Peut-on encore envoyer un PDF par e-mail avec Freebe ?
Cela dépend du destinataire. Vers un client professionnel établi en France, le PDF envoyé hors plateforme agréée ne vaudra plus facture après septembre 2027. Vers un particulier ou une entreprise étrangère, en revanche, l’envoi classique reste possible, puisque ces opérations relèvent de l’e-reporting et non de l’e-invoicing. L’affirmation « plus aucun PDF en 2027 » est donc inexacte.
Je suis établi en Guadeloupe ou à La Réunion, suis-je concerné ?
Oui, au même titre qu’en métropole. La Guadeloupe, la Martinique et La Réunion appliquent la TVA, donc leurs entreprises entrent dans le champ de l’e-invoicing prévu à l’article 289 bis. La Guyane et Mayotte, où la TVA n’est pas applicable, restent hors e-invoicing tout en pouvant relever de l’e-reporting.
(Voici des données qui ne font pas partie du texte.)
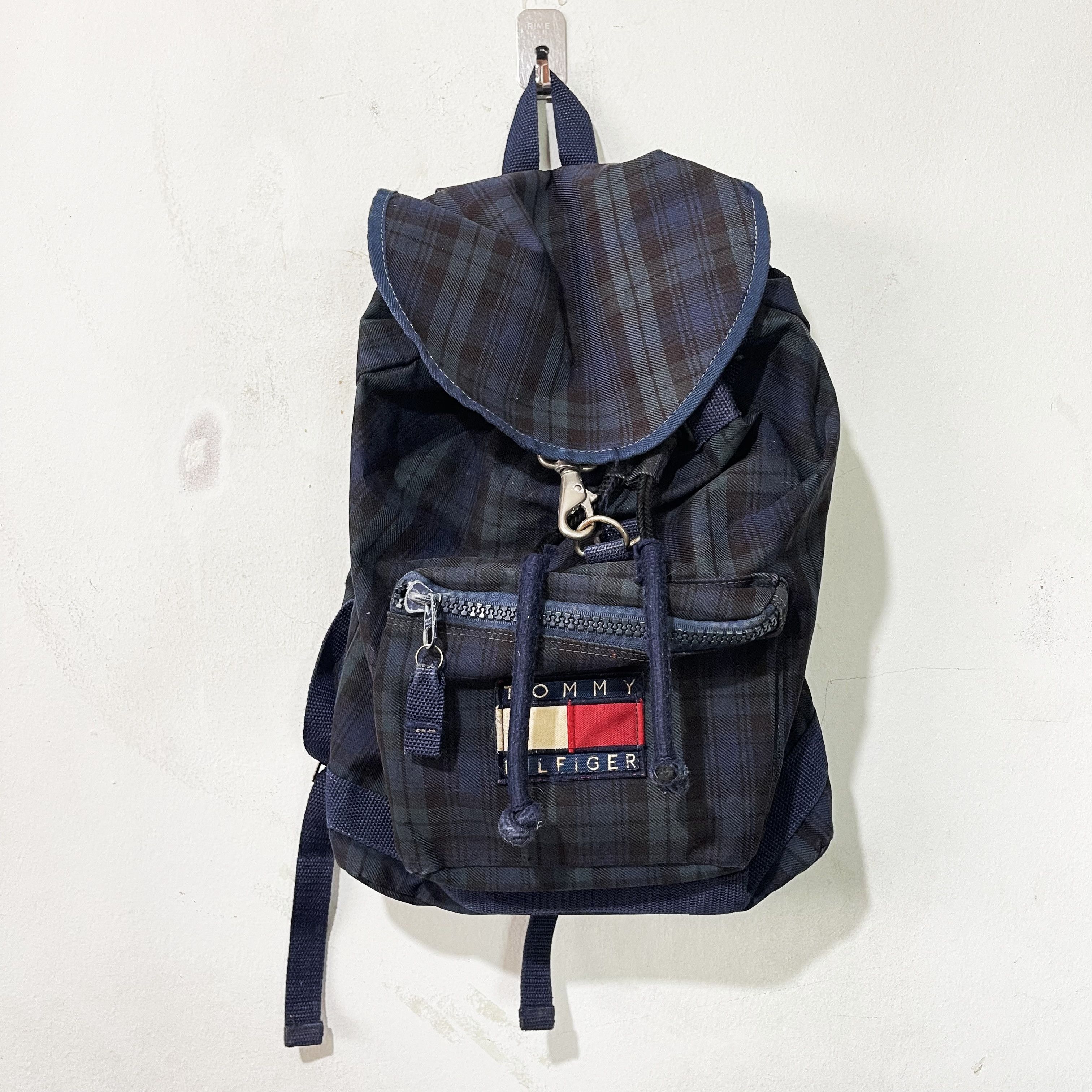 Tommy Hilfiger Vintage 90s Tommy Hilfiger Plaid Backpack Size ONE SIZE - 2 Thumbnail
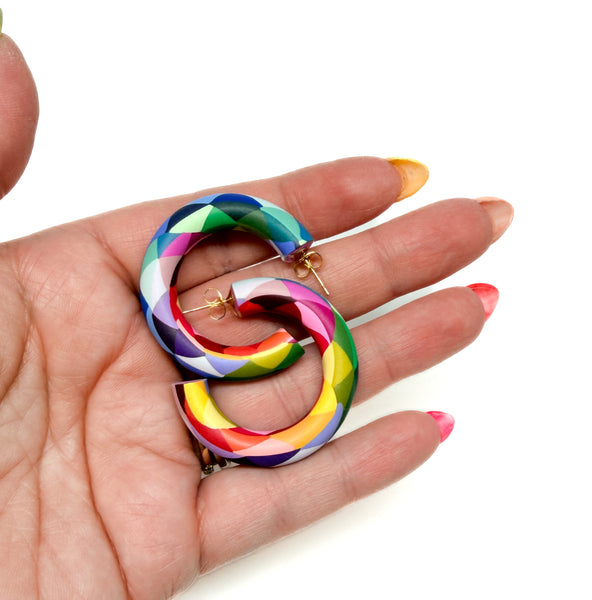 Becca Hoops - Rainbow Prism (multiple sizes)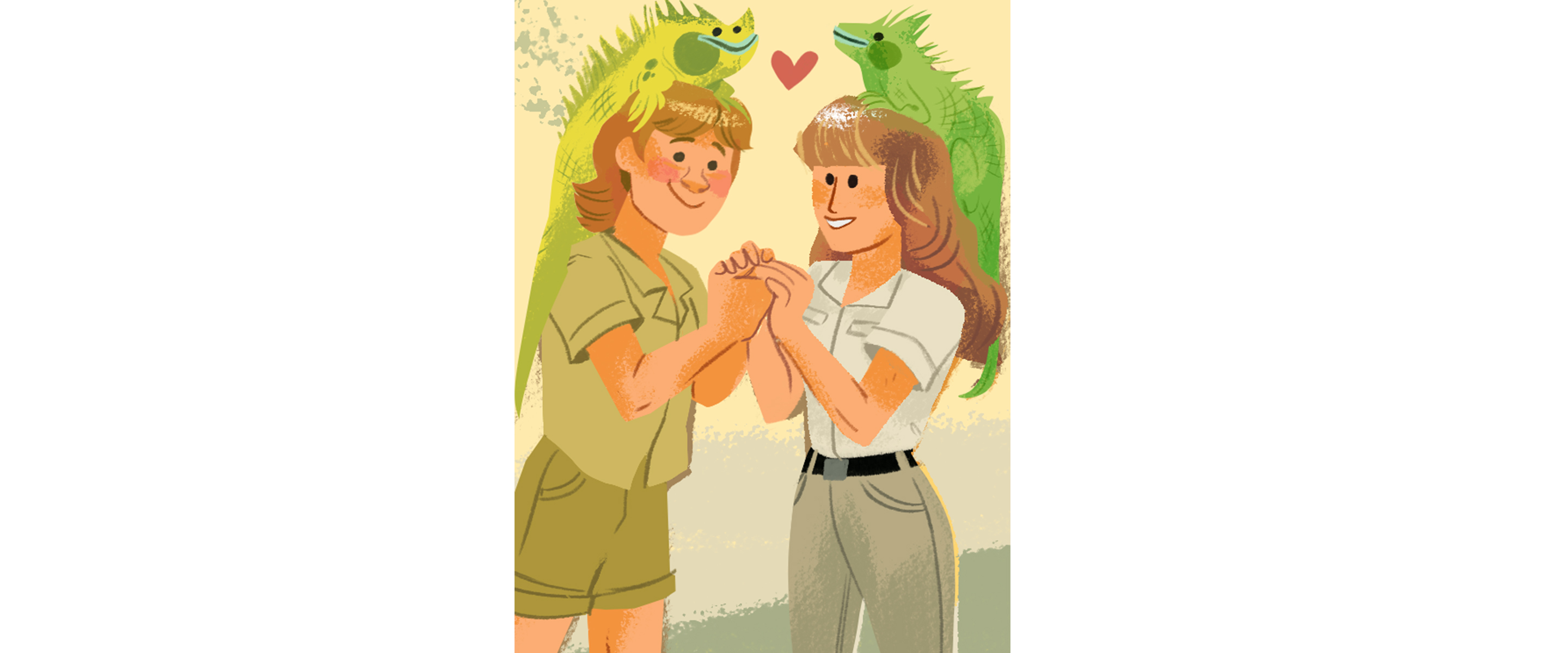 Steve Irwin doodle frame 1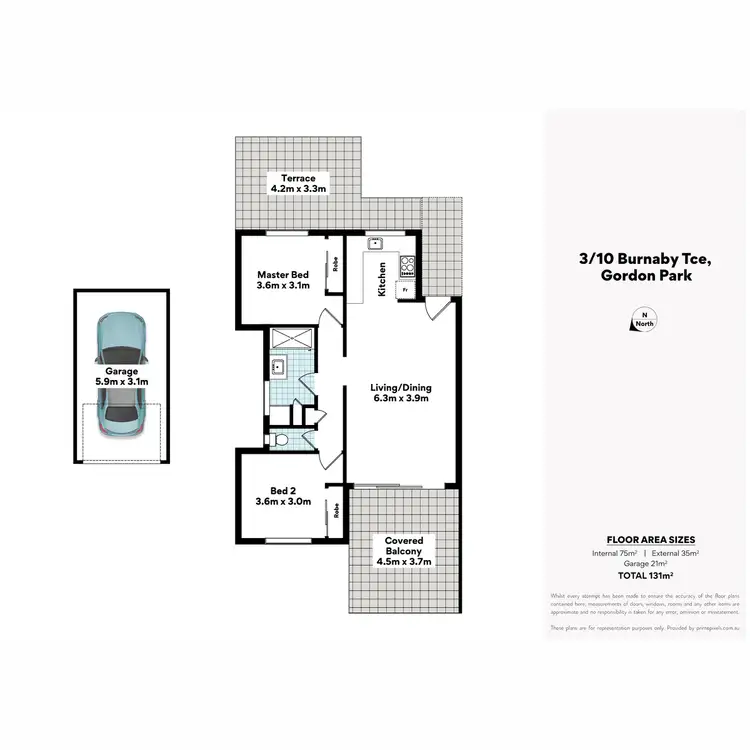 Floorplan of Homely apartment listing, 3/10 Burnaby Terrace, Gordon Park QLD 4031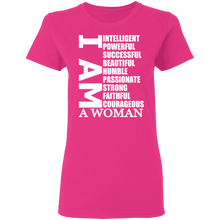 Load image into Gallery viewer, I Am Ladies&#39; 5.3 oz. T-Shirt
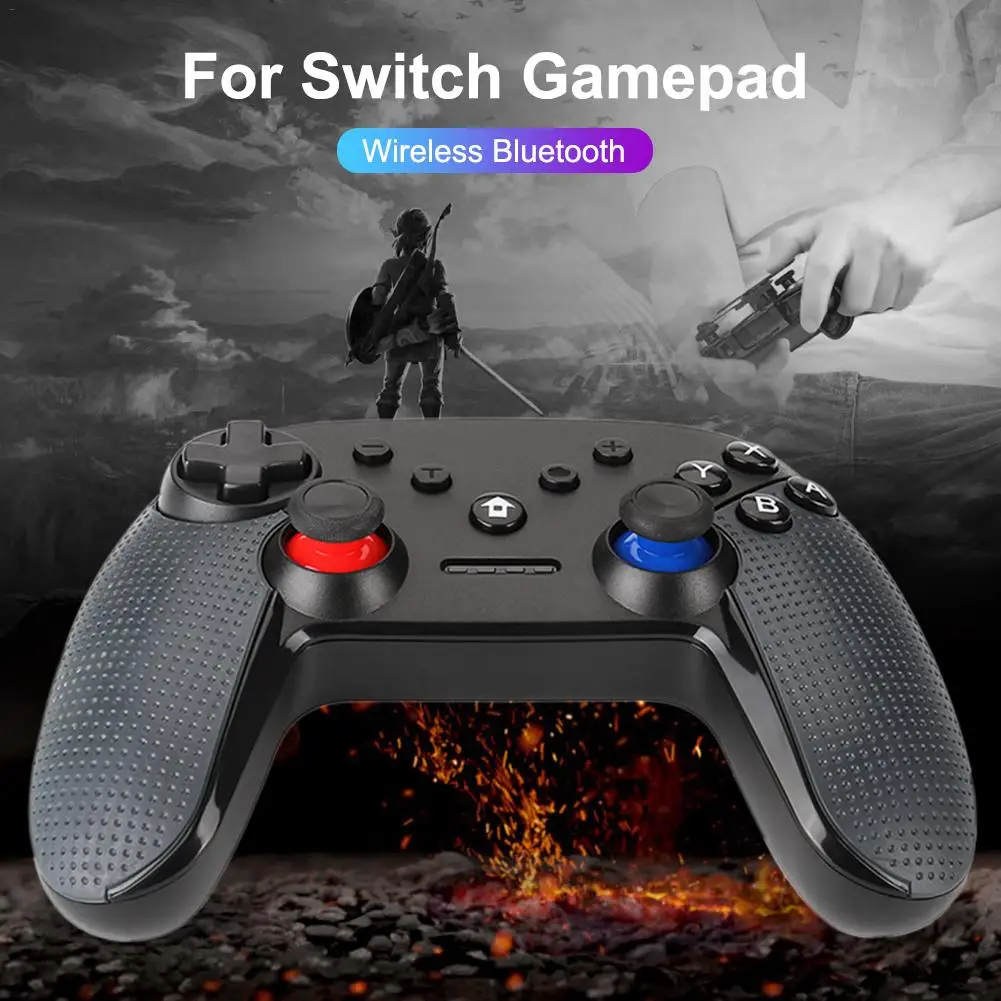 Wireless Gamepad Bluetooth 500mAh With LED Controller Joypad Joystick Bluetooth Gamepad For Switch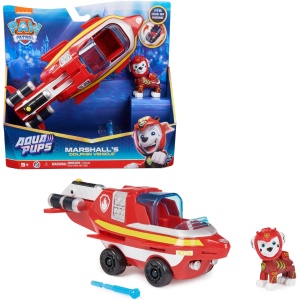 Voiture + Figurine Marcus Pat'Patrouille Aqua Pups - Véhicule Sous-Marin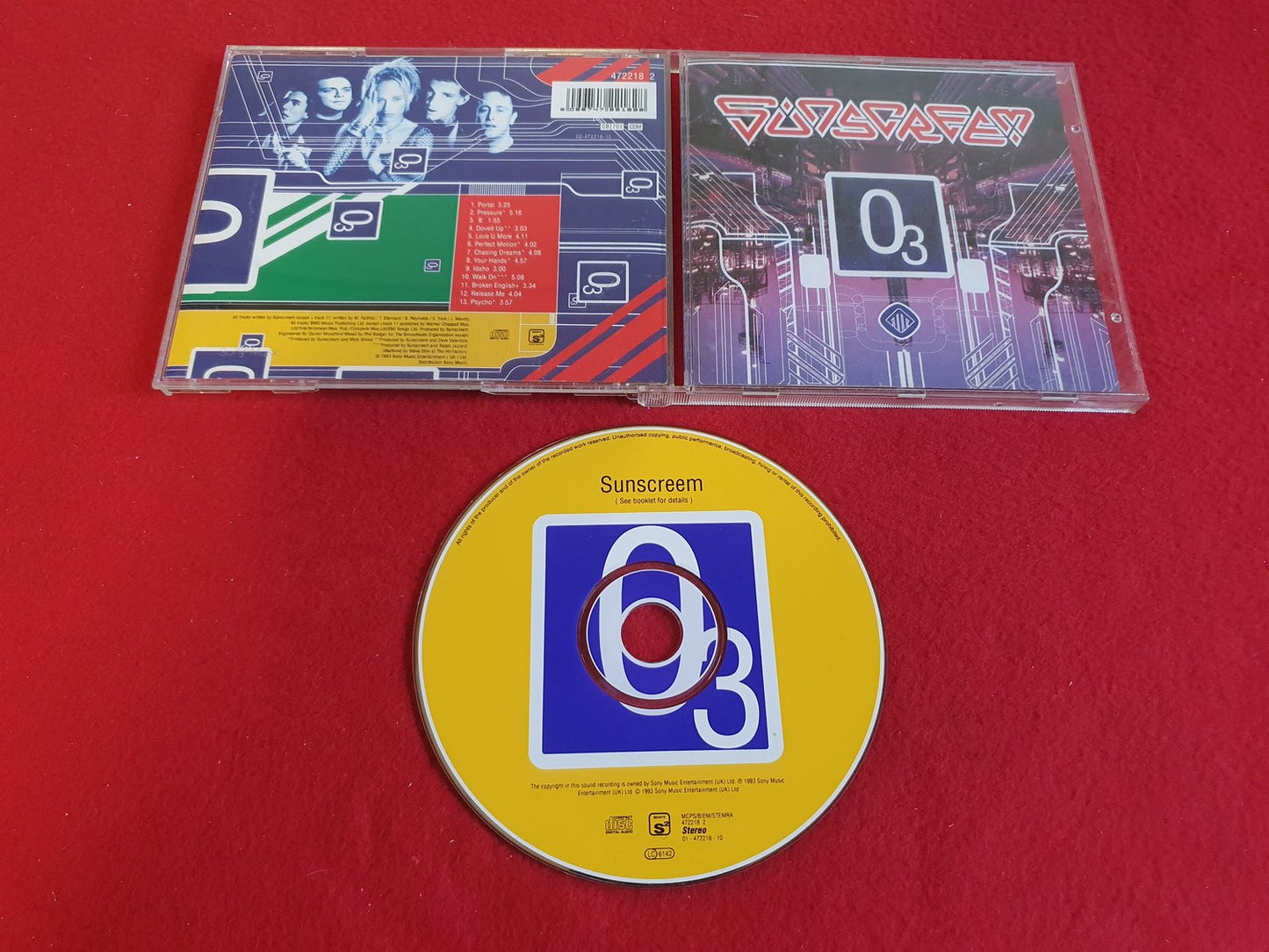 SUNSCREEM O3 till CD
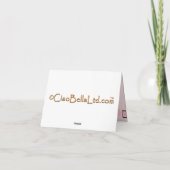 誕生日応答コ縁どリー カード (裏面)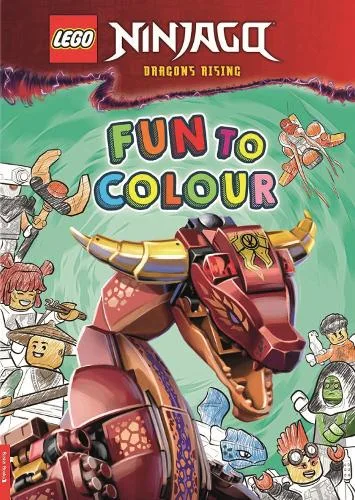 LEGO 9781837250783-1 Ninjago: Dragons Rising: Fun to Colour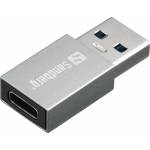 Sandberg Преходник Sandberg 136-46, от USB-A(м) към USB-C(ж), сив (136-46)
Le détail par territoire figure sur notre page consacrée aux DROM, COM et TAAF.
Puis-je utiliser Freebe avec une autre plateforme agréée ?
La réglementation admet qu’une entreprise désigne des plateformes différentes en émission et en réception. C’est même la raison d’être de l’adresse technique _replyto que SuperPDP ouvre dans Peppol. Reste que Freebe n’expose aucun réglage permettant de choisir une autre plateforme agréée : l’autorisation porte sur SuperPDP. Cette possibilité est donc à confirmer auprès du support avant tout montage mixte.
Que devient mon inscription à l’annuaire si je quitte Freebe ?
Votre entreprise reste inscrite dans l’annuaire avec l’adresse de réception déclarée par SuperPDP. Changer d’outil implique donc de faire modifier cet adressage, faute de quoi vos factures fournisseurs continueraient d’être routées vers l’ancienne destination. La procédure de sortie n’est pas documentée publiquement par l’éditeur. Posez la question avant de vous inscrire, pas au moment de partir.